Magnus, who began his career as an economics writer with the UK civil service in the 1970s, has held a number of prominent economist roles with Lloyds Bank, Bank of America and SG Warburg, where he was chief economist.

He joined UBS in 1997 and was in turn its chief economist and senior economic adviser before formally leaving in 2012. He now has an independent role in the bank attending client-related functions and meetings.

He first visited China in the late 1990s but it was not until the middle of the last decade that he began to take a keen interest when he started to specialize in emerging markets for UBS.

"I had a loose interest until then.

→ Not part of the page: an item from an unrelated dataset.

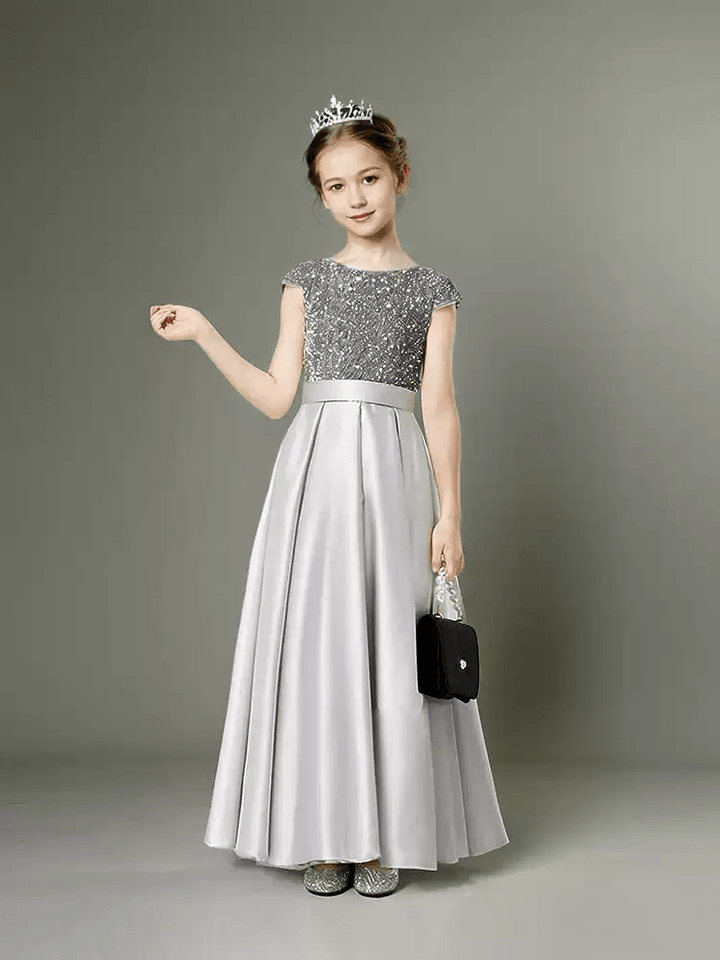 Grey Satin Flower Girl Dress with Glitter Bodice – Special Occasion Flower Girl Dress with Bow Plus Size - WonderlandByLilian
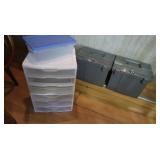 5 Storage Totes (1 missing drawer)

It was clearly an increasingly important country but not one I spent much of my professional time investigating. When I began to focus on emerging markets, it was clear that China to a large extent was the emerging markets by itself."

He is now somewhat disparaging about the hype that once surrounded emerging markets.

"I think acronyms such as BRICS (Brazil, Russia, India, China and South Africa) and MINT (Mexico, Indonesia, Nigeria and Turkey) are pretty much dead. The latter though has obviously gone wrong much quicker than BRICS," he says.

"They are clever marketing tools but now I don't see any reason why emerging countries should be seen as a part of some universal family. I think it is now very much horses for courses."

He says he is firmly of the view that the Chinese economy - despite current difficulties - is not going to suffer some collapse as predicted by US hedge fund billionaire Jim Chanos among others.

"There are some ardent diehards that say China is about to implode. I am not one of those who is forecasting China is going to have a Lehman's moment. You have actually had the problems in the real estate sector that Chanos predicted, and the economy is not collapsing. I think also that the debate about hard and soft landing has also pretty much dried up.

"Even in these indebted times, China's current level of debt is high compared to many developed countries. Developing countries like China are also said to find it more difficult to service their debt because they do not have the same stock of wealth.

"That is the theory, although in some cases this is clearly not true, particularly if you look at southern Europe. I think, however, that China as the second biggest economy in the world ought to be able to carry its debt burden because of its sheer size in ways that other countries that may be richer in term of income per head can't do."

One of the key questions about China - as with other emerging market economies - is whether it will get stuck in the so-called middle-income trap and never advance properly to being a fully developed nation.

"I really don't think you can judge that because China hasn't been a middle income country long enough to tell whether it has been trapped. You have to be there for 10 to 15 years to have the proof you can't get out."

The global backdrop is not good for any emerging economy at present, let alone China, with many warning of a global debt deflationary spiral.

"Because of the 50 percent drop in oil prices, I would say most economists should be feeling a little bit better about what lies ahead in 2015 simply because it presents an unexpected tailwind," he says.

As for China, Magnus believes many commentators find it difficult to understand its economy.

"Trying to look at China through Western eyes doesn't really work. People see it having a conventional financial and debt crisis. The economy is undergoing quite a lot of reform that was all outlined at the Third Plenum. We will have to work out over the space of the next decade what has worked and what remains needed to be done."